Main story: As technologies advancement is rapid and things are widely mass-produced, handmade products such as natural soaps have taken up a special place in the market today.
Understanding how something is made and why it is made that way has become vital to modern life more than ever. Now people worldwide are beginning to value and appreciate things that are crafted by hands. Public desire for authenticity has never been greater.
Through centuries, craft has acted as a language – to allow people to learn and to understand the value of the things that are created by hands.
Even in the capital, a few entrepreneurs have taken up this mantle to create things on their own and to help Bhutanese appreciate the various handmade products they have brought in the market.
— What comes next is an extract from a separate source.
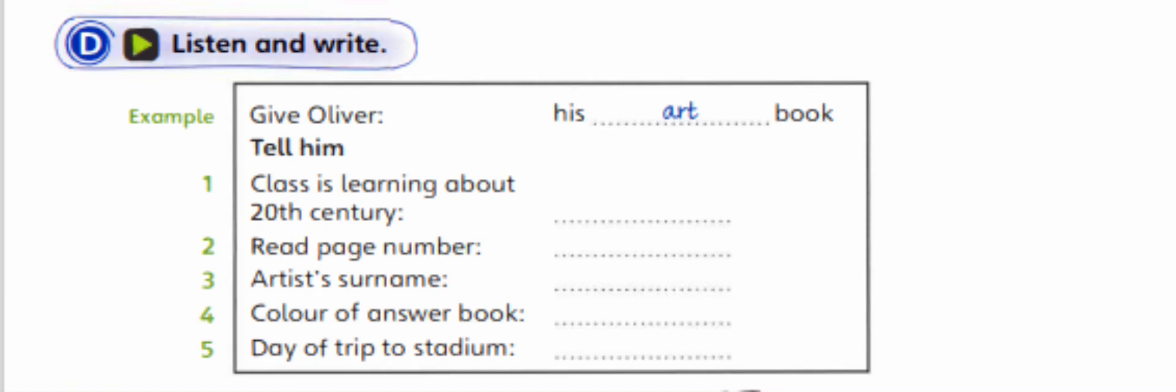I'd like Oliver to read some texts. What page are they on? Page 110. They're not very long and there are only five of them. OK. I'll tell him.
A newbie in the market and founder of Pelbar Natural Soaps, Sonam Pelden, is creating something that is straight out of fantasy – an assortment of decorative hand-made soaps ranging from pink, purple, white and yellow, of different shapes and sizes.
Initially started as a hobby, Sonam Pelden started making soaps from organic raw materials such as aloe vera plant and tomatoes for her personal use two years ago.
“My family started loving the soaps I made from these ingredients and soon I found myself experimenting with other local materials,” Sonam Pelden said.
Today, she makes these soaps from dandelion, turmeric, palm oil, essential oil, flower essence, lemon grass and coconut oil, to name a few. They are chemical free soaps.
Although new, Sonam Pelden has made three home deliveries in Thimphu so far.
“Most seem to love the soaps because of the colour and buy them as decorative pieces instead for use,” she said. “Many think that handmade products are expensive and I hope to change this impression through my business.”
In the coming years, she plans to open up a home-based business to teach others how to make soaps, not only through the organic raw materials, but also from used oil to make dishwashing soaps.
“I plan to let my niece run the business and ensure that there are organic soaps for every Bhutanese, and also hope that local products will substitute the import products,” Sonam Pelden said. “There are increasing number of people that appreciates such handmade products today.”
For now, Sonam Pelden makes these soaps at home when she receives orders.
For Ugyen, general manager of Bio Bhutan, making soap has never been more profitable. Along with his team, comprising of 15 people, they have been making natural soaps since 2008. Today, they export their products to countries such as Germany, Taiwan and Singapore, among others.
With a help of a soap expert from Thailand, the employees learnt how to create soaps based on the rich flora of the country, Ugyen said.
The assortment of soaps, neatly wrapped in desho paper, contains mustard oil, spices, bee wax, natural scents, essential oil distilled from lemon grass and wormwood.
The organic soap contains plant based natural antiseptic and skin care ingredients such as mustard oil, ginger, turmeric and essential oil. It doesn’t contain any synthetic colours, preservatives or chemical foaming agent.
“We are dedicated to promote sustainable use of natural resources and support rural communities in remote places. All the soaps are hand-cut and hand-wrapped,” Ugyen said. “The raw materials are supplied by communities from rural areas, which generates income for the rural communities.”
Raw materials such as sliced and dried turmeric are brought from Dagpai and Takabi women groups in Zhemgang, while sliced and dried ginger are brought from Dekeling in Sarpang and Lhuentse. Cold pressed mustard oil is brought from Dekeling in Sarpang. Artemisia and lemongrass essential oil are brought from Dozam, Uzorong, Baepam and Phunsum community forest management groups in Trashigang.
We pay a premium price for ingredients supplied by our rural communities. For example, the price for 1kg Artemisia essential oil is Nu 2,500, and Nu 1,000 per kg for lemongrass essential oil. Coconut oil is imported from India, Ugyen said. Natural handmade soaps not only cleanse, but also restore the skin moisture.
“Since the soap doesn’t contain any synthetic or chemical foaming agent such as sodium lauryl sulphate, it is safe and biodegradable. On the other hand, industrial mass-produced soap uses lots of chemicals and synthetic additives, which is not good for the skin,” Ugyen said.
There is huge scope for natural handmade soap business, both in domestic and international market, Ugyen added. “However, the realisation of market potential depends on the amount of investment made.”
With such products available in the market, many are now appreciating and using these handmade products, Ugyen said. “There’s something essential when one buys handmade products, one becomes more responsible and mindful consumer. One appreciates the skills, time and effort put into every product.”
There are a whole bundle of different values as well. One can become anti-consumerist, go-green or embrace environmentally friendly approach, Ugyen added.
A corporate employee, Tandin Wangmo, said she makes a point to buy local handmade products.
“Whenever I buy a handmade product, I think about who might have made it and appreciate the effort they took to create it. I love knowing I am supporting someone’s passion,” Tandin Wangmo said. “Buying handmade product is a conscious decision and helps me be more conscious of where I am spending.”